And so they decided: We want to build a bicycle gearbox that works as intuitively, precisely and wear-free as the gearbox of a sports car. Like Nicolai, Pinion can do something that most companies have long since lost: make things themselves. Pinion develops, assembles and tests and relies on regional suppliers wherever possible. Although the production of the individual transmission parts does not take place in-house at Pinion, all suppliers are from Germany. A Pinion transmission is therefore 100 percent made in Germany.
So basically it was only a matter of time before what belonged together came together: a Pinion gearbox and a Nicolai frame. And because this is actually so obvious, our test bike, the Argon GX, is also far from the first Nicolai to be equipped with gears. Nicolai has been experimenting with innovative gear solutions on mountain bikes for a long time and was one of the first manufacturers to equip its bikes with Pinion as standard. The “Argon GX”, however, is the latest addition to the Nicolai range, with an almost maintenance-free drive.

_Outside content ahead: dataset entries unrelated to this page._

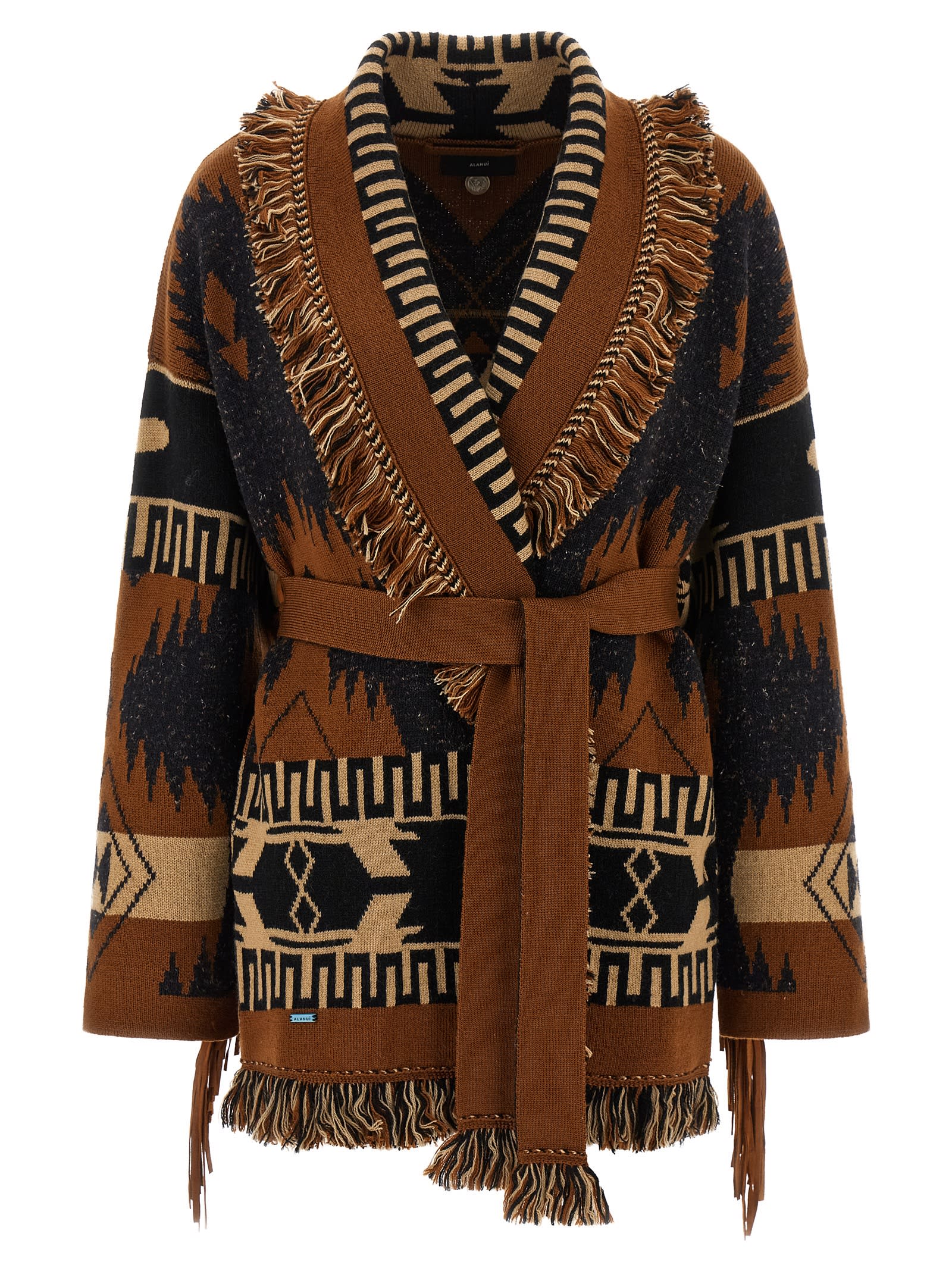 Alanui Icon Jacquard Fringe Belted Cashmere Cardigan In Multi
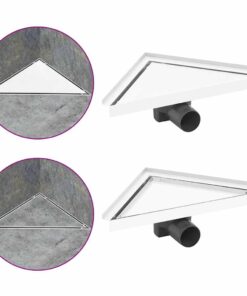 vidaXL Doucheafvoer met 2-in-1 deksel 25x25 cm roestvrij staal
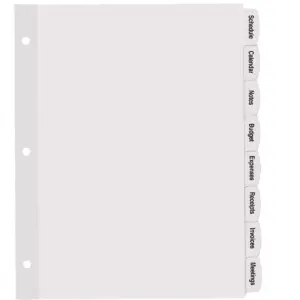 Avery Easy Peel White Label Tab Dividers 8-Tab 6/PK White 14433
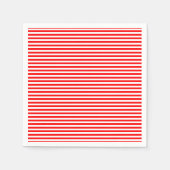 Rood en Wit Klein Grootte Horizontaal Streepjesdoc Servet (Voorkant)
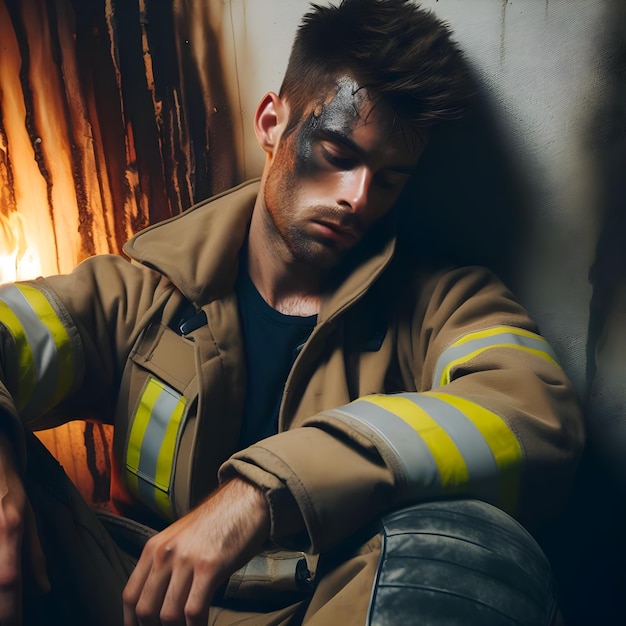 Un pompier épuisé prend une pause après une épuisante opération de lutte contre les incendies dans un environnement urbain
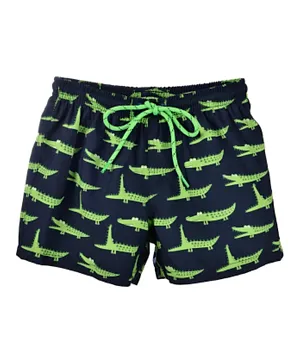 Slipstop Gator Printed Swim Shorts - Black And Green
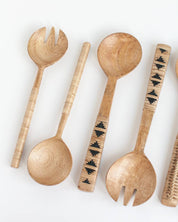 Hand-Carved Thin Woven Mango Wood Salad Servers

Speaking of maintenance-free: In addition to Pinion, Nicolai also relies on a Gates belt drive, which of course fits perfectly with the gearbox technology.
Nicolai Argon GX Test: A Gravel Jack-of-all-trades?
Argon GX is the gravel bike from Nicolai. It comes in the typical Nicolai look, which is further enhanced by the classic raw look on our test bike. Voluminous tubes, precise weld beads and technical, bold milled parts speak a clear language and describe the Argon wordlessly as a super robust, extremely well thought-out and yet reasonably light bike, a true Nicolai. And the distinguishing feature of such a purchase is that it should be a long-term acquisition. A Nicolai is not out of fashion after one season, but should give you many years of enjoyment.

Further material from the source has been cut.